> [Problem statement] Where the word "Denim" occurs in a line of the data, return the whole line.

(Scraped caption text data)
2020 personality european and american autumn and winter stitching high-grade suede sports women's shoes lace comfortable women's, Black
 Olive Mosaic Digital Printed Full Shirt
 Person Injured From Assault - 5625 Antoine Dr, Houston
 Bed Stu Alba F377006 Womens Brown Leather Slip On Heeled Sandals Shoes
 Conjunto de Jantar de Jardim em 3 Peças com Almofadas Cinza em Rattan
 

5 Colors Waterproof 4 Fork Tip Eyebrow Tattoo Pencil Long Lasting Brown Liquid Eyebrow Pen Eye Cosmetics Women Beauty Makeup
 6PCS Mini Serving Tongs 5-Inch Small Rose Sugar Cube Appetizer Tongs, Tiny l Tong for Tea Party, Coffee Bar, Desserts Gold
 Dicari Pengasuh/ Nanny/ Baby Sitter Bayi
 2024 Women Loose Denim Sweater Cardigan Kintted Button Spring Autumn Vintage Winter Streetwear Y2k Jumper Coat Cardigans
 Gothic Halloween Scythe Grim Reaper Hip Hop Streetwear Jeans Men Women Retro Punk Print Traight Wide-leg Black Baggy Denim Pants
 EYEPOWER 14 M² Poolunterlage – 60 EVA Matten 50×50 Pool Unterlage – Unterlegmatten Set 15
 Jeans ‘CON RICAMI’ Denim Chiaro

> [Written answer]
 2024 Women Loose Denim Sweater Cardigan Kintted Button Spring Autumn Vintage Winter Streetwear Y2k Jumper Coat Cardigans
 Gothic Halloween Scythe Grim Reaper Hip Hop Streetwear Jeans Men Women Retro Punk Print Traight Wide-leg Black Baggy Denim Pants
 Jeans ‘CON RICAMI’ Denim Chiaro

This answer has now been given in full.